• _What needs to be done_
The response should repeat word for word every line below from the one with "Atorch Wifi Dijital" to the one with "Brain Train Logic Puzzles", inclusive, and nothing else; leave pictures out.

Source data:
+-------+

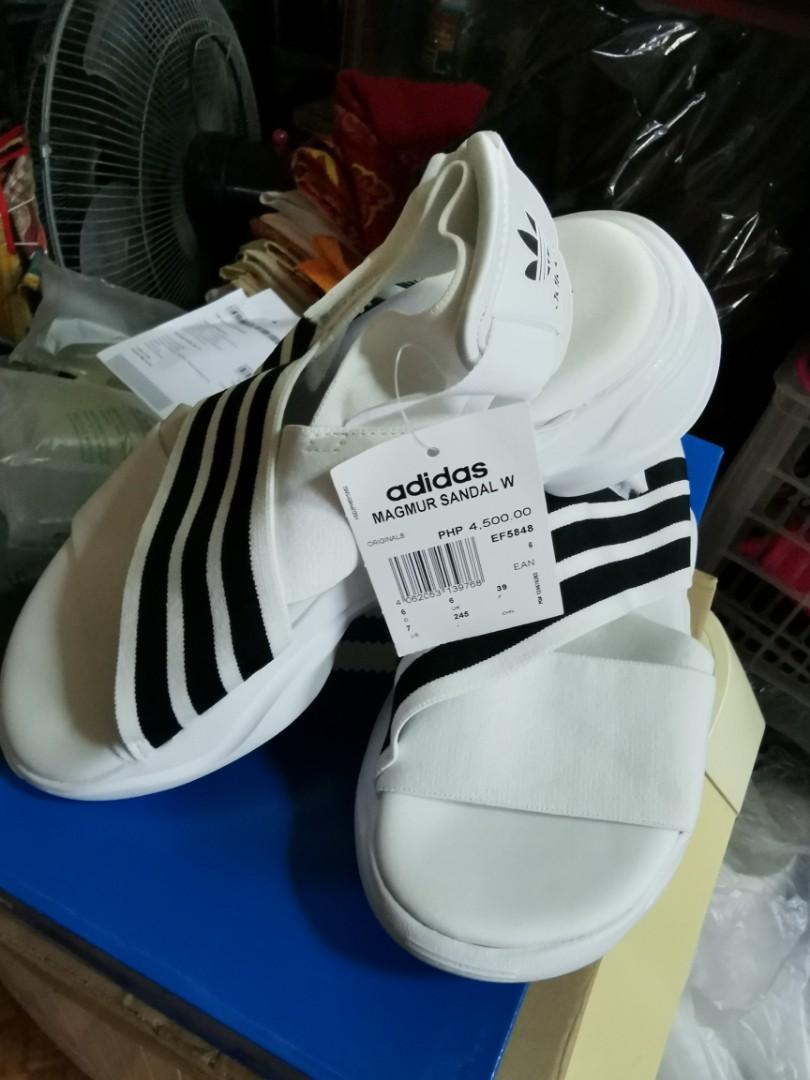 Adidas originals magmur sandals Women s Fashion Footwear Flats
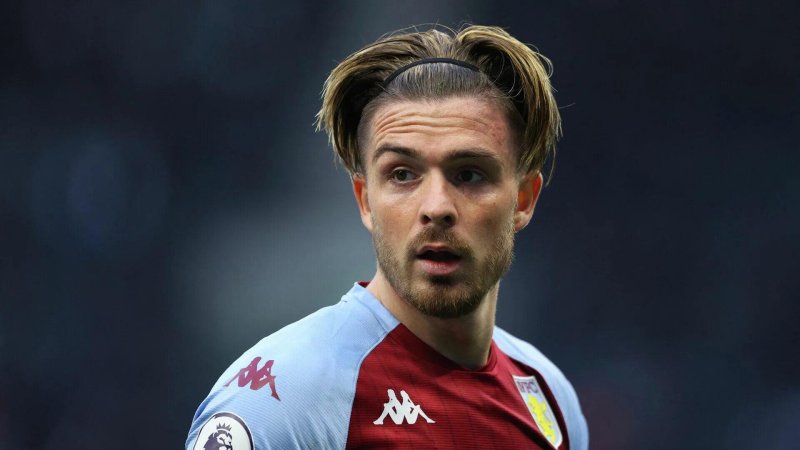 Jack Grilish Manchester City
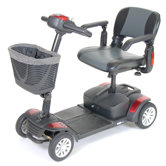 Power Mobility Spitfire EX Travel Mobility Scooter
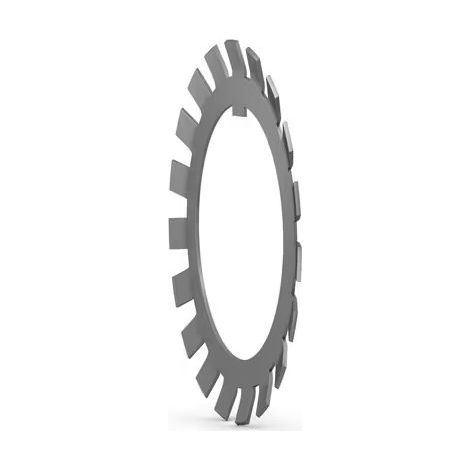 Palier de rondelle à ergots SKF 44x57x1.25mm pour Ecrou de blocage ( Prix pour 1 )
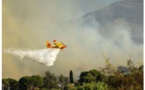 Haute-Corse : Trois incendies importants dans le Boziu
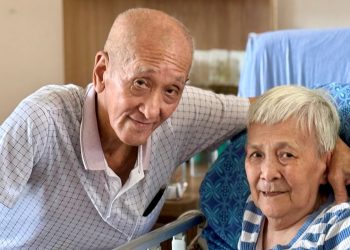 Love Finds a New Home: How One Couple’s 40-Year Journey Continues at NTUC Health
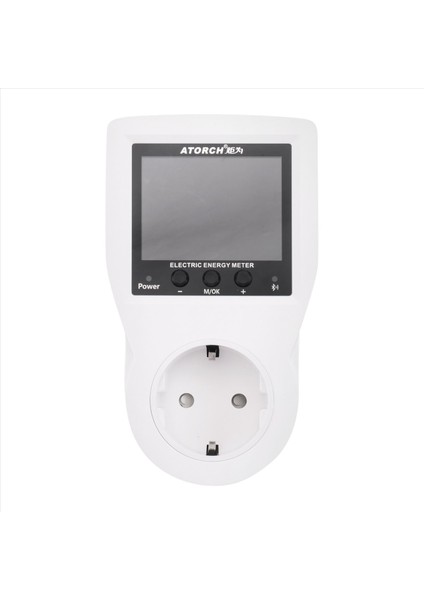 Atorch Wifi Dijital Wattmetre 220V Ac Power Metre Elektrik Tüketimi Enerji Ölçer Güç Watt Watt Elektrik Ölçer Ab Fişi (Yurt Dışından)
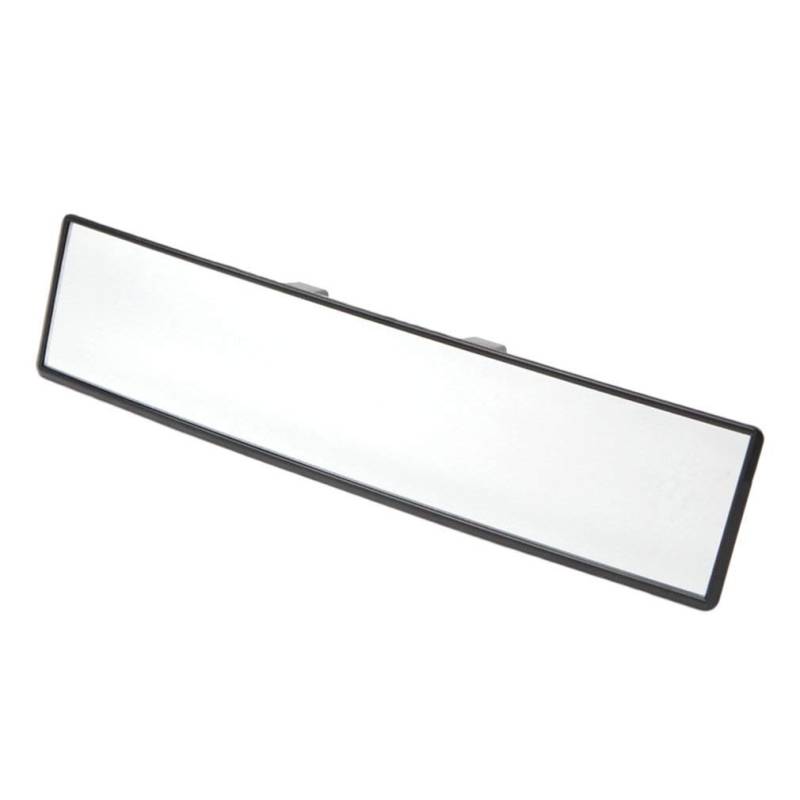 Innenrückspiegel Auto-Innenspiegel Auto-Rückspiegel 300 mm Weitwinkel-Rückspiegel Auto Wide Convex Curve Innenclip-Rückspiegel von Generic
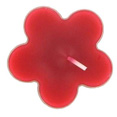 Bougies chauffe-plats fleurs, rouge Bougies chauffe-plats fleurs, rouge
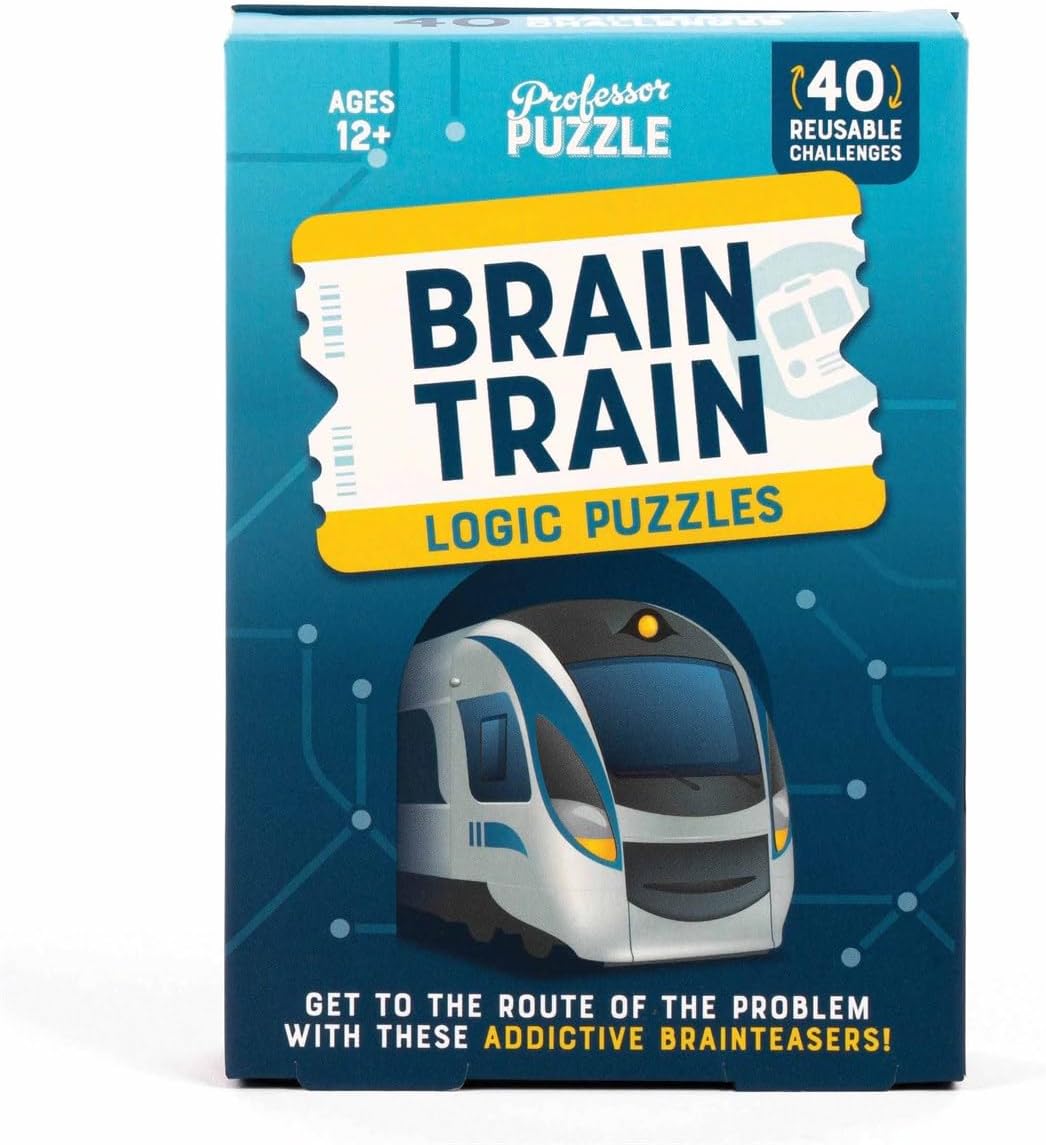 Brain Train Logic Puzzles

+-------+

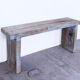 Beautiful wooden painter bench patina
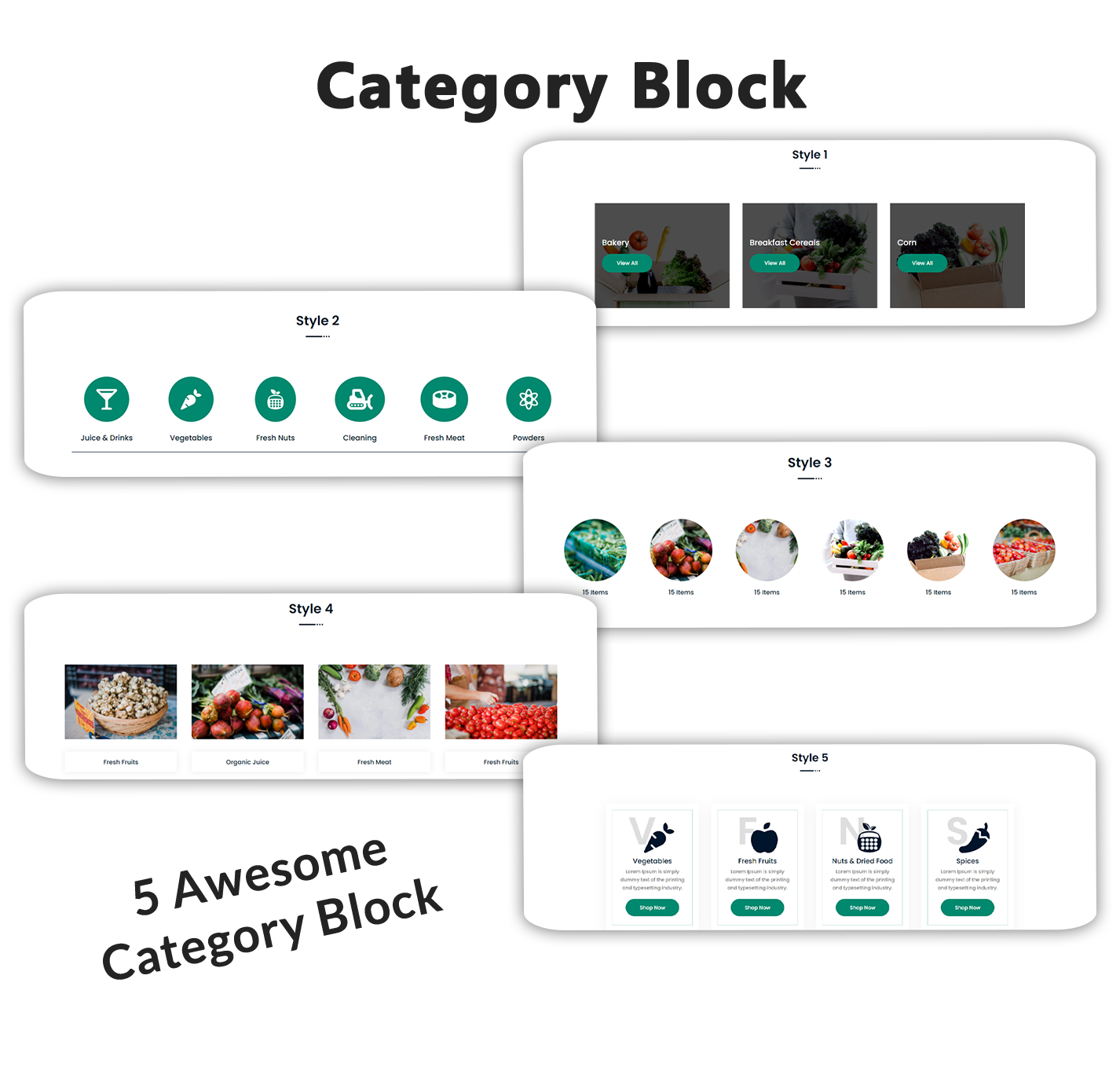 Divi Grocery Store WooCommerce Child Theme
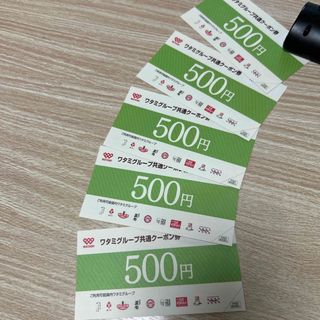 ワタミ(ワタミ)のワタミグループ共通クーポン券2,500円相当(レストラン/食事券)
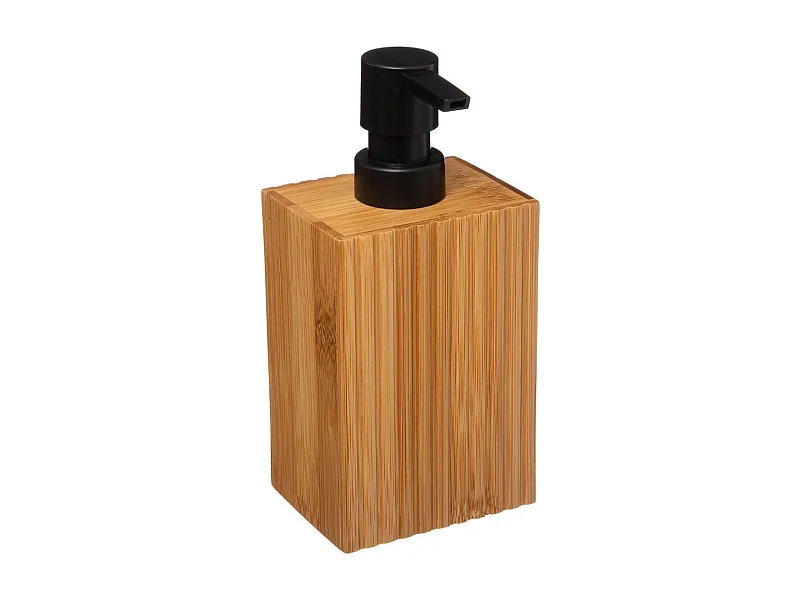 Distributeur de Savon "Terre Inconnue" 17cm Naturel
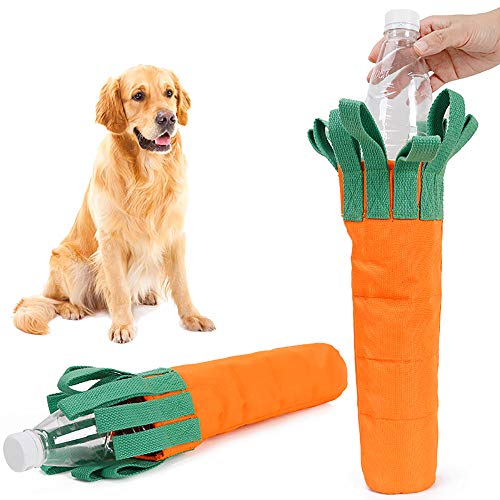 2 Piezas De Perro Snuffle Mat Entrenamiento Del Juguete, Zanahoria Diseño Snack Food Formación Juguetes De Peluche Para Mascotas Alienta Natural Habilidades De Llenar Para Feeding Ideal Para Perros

+-------+

• _Output for this exercise_
 Atorch Wifi Dijital Wattmetre 220V Ac Power Metre Elektrik Tüketimi Enerji Ölçer Güç Watt Watt Elektrik Ölçer Ab Fişi (Yurt Dışından)
 Innenrückspiegel Auto-Innenspiegel Auto-Rückspiegel 300 mm Weitwinkel-Rückspiegel Auto Wide Convex Curve Innenclip-Rückspiegel von Generic
 Bougies chauffe-plats fleurs, rouge Bougies chauffe-plats fleurs, rouge
 Brain Train Logic Puzzles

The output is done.